What was shocking: I did not expect to get a real person on the other end of the phone. When a real person answered, my objections were erased. I realized, after hanging up, that I prefer to complain to machines.
I thought about everything I was unhappy with, or had any complaint about. I had told a machine about it. I sought them, their mailboxes, their blind email lists, the message servers twirling out there in vast computing cloud spaces.
So now when I have any complaint, I write it on my shoe and walk on it until it is worn away. Or I take it down on a piece of paper, and burn it. Or I tape it to a dollar bill, and spend it. Or I sing a song, and make it rhyme.
I find my complaints are going away. The ones that remain, are just enough to keep me going. What a remarkable and strange place to be. And why the second surprise? Do we all live our lives assuming to know one's self, often to the point of contempt -- but quite frankly, we live with a stranger?
When I fell in love with you, it happened quickly. By the time I was all the way in love, in a way that would hurt me keenly for several years, it was like I had taken a new book off the bookshelf of my head and said this looks like a nice story to read.

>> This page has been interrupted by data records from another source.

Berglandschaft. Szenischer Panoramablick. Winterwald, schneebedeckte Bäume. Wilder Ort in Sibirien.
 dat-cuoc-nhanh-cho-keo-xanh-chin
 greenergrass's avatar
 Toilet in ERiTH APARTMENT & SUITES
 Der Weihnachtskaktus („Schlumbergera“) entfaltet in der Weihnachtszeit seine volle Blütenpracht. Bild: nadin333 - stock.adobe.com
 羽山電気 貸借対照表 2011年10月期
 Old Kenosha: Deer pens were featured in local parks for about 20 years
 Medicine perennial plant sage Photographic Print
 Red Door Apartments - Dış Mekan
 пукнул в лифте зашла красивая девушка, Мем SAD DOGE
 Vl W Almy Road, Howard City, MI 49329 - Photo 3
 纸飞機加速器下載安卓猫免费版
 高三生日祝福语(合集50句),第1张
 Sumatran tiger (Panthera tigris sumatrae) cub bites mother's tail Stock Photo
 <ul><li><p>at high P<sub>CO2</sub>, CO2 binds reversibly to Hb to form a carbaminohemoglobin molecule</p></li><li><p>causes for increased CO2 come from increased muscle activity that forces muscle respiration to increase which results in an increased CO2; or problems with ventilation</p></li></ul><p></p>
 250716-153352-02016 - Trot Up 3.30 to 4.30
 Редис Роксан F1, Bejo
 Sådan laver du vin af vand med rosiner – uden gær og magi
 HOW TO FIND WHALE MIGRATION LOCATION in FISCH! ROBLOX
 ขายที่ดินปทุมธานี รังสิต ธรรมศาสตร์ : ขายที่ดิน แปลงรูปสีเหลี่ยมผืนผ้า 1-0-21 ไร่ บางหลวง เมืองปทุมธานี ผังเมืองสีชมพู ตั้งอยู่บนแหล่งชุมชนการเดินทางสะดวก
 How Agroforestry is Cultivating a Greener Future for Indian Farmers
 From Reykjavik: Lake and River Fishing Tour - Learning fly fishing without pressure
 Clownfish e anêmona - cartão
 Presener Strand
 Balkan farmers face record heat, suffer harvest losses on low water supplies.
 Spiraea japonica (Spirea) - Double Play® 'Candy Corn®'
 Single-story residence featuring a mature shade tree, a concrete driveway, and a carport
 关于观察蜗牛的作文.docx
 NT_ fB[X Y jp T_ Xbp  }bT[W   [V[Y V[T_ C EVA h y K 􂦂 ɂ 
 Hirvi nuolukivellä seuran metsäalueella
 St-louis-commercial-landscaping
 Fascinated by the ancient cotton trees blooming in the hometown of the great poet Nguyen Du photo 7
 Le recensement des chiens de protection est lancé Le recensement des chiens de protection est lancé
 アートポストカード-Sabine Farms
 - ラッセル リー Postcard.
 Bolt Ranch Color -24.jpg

I heard the story of a woman who had a Zen teacher, and she confided in him how a recent breakup had hurt her heart to the core. He gave her some specific practices to do, like a short mantra to say, and a way to meditate on impermanence, and suffering in others,
He left and came back in a year, and when she saw him, she said she was still hurt over the ending of the relationship. He slapped her in the face, and said "Too long! Let go!"
Far from my home and my bed, the freeway was shut down last night, without any detours. I drove in neighborhoods and towns I barely knew, down long avenues without any traffic, seeing rows and rows of bright lights as far as my eyes could see.
Under the black sky, everything looked clean and golden, and the traffic-signals were always green, in any direction I wanted to go.